Avec l’exposition de 1988, le nom de l’artiste s’invite dans les cercles diplomatiques des puissances occidentales, qui ouvrent à son œuvre les portes du “monde libre”. C’est ainsi, notamment, que le Ministère de la Culture grec lui propose de réitérer Ferecătura à Athènes sous le nom de Report to Byzantium. Peu de temps après avoir participé à la révolution roumaine, en décembre 1989, Râmniceanu est invité par le gouvernement français et installe son atelier à Paris (1991). Il devient pensionnaire de la Cité internationale des arts et obtient la nationalité française (1999). Se succèdent alors de nombreuses expositions en galerie et dans les institutions. En 2001, la conservatrice générale honoraire au département des Arts graphiques du Louvre et ancienne directrice du Musée Delacroix, Arlette Sérullaz écrit la préface de la première monographie consacrée à l’œuvre de Stefan Râmniceanu, dont le titre est Entre Orient et Occident, un alchimiste qui a traversé les âges.

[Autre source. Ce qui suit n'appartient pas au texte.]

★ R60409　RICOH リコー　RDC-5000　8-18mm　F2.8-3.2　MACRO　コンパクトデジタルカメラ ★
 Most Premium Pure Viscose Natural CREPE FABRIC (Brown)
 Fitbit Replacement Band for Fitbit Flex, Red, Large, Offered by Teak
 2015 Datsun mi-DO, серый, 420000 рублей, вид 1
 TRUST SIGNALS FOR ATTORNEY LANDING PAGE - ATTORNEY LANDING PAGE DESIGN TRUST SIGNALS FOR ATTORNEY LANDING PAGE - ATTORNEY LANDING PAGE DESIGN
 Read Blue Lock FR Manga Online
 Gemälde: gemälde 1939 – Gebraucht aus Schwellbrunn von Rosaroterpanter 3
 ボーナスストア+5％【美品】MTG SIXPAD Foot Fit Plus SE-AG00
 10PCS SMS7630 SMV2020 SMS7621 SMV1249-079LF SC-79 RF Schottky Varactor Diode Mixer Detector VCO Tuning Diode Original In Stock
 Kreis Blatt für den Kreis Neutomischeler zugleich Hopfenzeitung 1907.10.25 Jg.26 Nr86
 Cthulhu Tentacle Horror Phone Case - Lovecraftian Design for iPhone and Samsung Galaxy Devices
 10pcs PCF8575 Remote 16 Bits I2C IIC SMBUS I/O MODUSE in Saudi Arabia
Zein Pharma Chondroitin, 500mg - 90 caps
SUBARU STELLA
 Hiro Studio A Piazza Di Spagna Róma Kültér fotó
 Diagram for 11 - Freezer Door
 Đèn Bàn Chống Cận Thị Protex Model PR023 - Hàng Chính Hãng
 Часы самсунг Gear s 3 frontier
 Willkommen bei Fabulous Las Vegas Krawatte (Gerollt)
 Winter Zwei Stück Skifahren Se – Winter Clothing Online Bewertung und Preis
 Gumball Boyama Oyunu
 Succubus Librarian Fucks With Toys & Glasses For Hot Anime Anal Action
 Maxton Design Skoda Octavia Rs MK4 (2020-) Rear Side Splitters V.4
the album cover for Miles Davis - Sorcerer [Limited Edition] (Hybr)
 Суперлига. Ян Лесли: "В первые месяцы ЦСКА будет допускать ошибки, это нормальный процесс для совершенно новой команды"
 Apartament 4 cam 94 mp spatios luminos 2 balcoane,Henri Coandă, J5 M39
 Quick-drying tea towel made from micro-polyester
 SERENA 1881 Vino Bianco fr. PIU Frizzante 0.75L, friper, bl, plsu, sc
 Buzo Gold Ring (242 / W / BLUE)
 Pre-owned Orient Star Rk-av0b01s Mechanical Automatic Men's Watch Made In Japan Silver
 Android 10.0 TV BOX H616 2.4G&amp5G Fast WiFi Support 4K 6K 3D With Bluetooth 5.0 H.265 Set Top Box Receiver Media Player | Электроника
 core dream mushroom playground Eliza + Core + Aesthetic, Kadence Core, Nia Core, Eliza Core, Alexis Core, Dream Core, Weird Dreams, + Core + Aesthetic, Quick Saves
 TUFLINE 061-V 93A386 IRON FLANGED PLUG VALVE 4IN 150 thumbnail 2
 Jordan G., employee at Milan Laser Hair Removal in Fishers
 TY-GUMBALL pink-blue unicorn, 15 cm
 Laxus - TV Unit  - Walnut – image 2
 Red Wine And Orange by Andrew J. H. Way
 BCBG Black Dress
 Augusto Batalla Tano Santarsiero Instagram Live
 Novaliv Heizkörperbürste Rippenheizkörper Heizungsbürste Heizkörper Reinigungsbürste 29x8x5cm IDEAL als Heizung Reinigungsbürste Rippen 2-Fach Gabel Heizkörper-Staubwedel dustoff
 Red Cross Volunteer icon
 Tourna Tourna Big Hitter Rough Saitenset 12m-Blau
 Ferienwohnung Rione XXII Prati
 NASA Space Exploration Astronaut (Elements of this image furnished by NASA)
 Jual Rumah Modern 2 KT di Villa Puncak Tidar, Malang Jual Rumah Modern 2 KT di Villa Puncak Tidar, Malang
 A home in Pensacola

En 2014, l’artiste célèbre une nouvelle fois la mémoire de Constantin II Brancovan, trois cents ans après sa disparition. Pour son grand retour en Roumanie, plusieurs institutions lui consacrent une exceptionnelle rétrospective, Marks (Urme). Plus de 400 œuvres, dont 30 sculptures monumentales, sont exposées.
L’œuvre de Râmniceanu a présente dans nombre de collections privées et publiques, en Allemagne, Argentine, Belgique, Brésil, Bulgarie, Canada, Espagne, Etats-Unis, France, Grèce, Italie, Japon, Monaco, Maroc, Pays-Bas, Portugal, Roumanie, Royaume-Uni, Suède, Suisse, Tunisie, Turquie et Venezuela.